Work item: The entries below contain a line with "Adesivo Quadrado Pinguim-preto-na" and a line with "Twins First Christmas". Quote exactly those two lines and all lines between them.

(Short descriptive text snippets)
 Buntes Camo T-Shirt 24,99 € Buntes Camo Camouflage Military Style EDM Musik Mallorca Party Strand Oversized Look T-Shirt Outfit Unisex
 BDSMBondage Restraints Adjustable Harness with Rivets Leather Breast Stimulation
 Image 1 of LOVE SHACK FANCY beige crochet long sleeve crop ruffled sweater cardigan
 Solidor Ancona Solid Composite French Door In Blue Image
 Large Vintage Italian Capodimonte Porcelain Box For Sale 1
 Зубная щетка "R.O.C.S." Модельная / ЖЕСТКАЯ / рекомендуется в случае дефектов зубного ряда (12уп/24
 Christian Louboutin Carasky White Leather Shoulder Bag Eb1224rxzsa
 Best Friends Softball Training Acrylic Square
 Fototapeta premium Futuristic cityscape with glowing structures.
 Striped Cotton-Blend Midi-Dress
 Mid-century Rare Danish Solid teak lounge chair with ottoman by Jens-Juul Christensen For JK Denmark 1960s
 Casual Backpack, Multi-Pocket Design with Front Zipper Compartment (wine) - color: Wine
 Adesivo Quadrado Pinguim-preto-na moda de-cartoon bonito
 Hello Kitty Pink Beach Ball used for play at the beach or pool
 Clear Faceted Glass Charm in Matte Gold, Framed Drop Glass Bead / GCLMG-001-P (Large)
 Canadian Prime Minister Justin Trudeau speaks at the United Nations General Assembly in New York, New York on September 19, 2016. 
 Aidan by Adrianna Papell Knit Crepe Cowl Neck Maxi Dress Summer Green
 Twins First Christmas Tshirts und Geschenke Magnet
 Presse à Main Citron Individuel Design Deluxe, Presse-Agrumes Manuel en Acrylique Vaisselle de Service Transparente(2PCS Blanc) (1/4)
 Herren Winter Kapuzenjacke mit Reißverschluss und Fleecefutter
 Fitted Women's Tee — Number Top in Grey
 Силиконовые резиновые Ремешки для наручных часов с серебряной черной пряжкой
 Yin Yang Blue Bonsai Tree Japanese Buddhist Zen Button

Task result:
 Adesivo Quadrado Pinguim-preto-na moda de-cartoon bonito
 Hello Kitty Pink Beach Ball used for play at the beach or pool
 Clear Faceted Glass Charm in Matte Gold, Framed Drop Glass Bead / GCLMG-001-P (Large)
 Canadian Prime Minister Justin Trudeau speaks at the United Nations General Assembly in New York, New York on September 19, 2016. 
 Aidan by Adrianna Papell Knit Crepe Cowl Neck Maxi Dress Summer Green
 Twins First Christmas Tshirts und Geschenke Magnet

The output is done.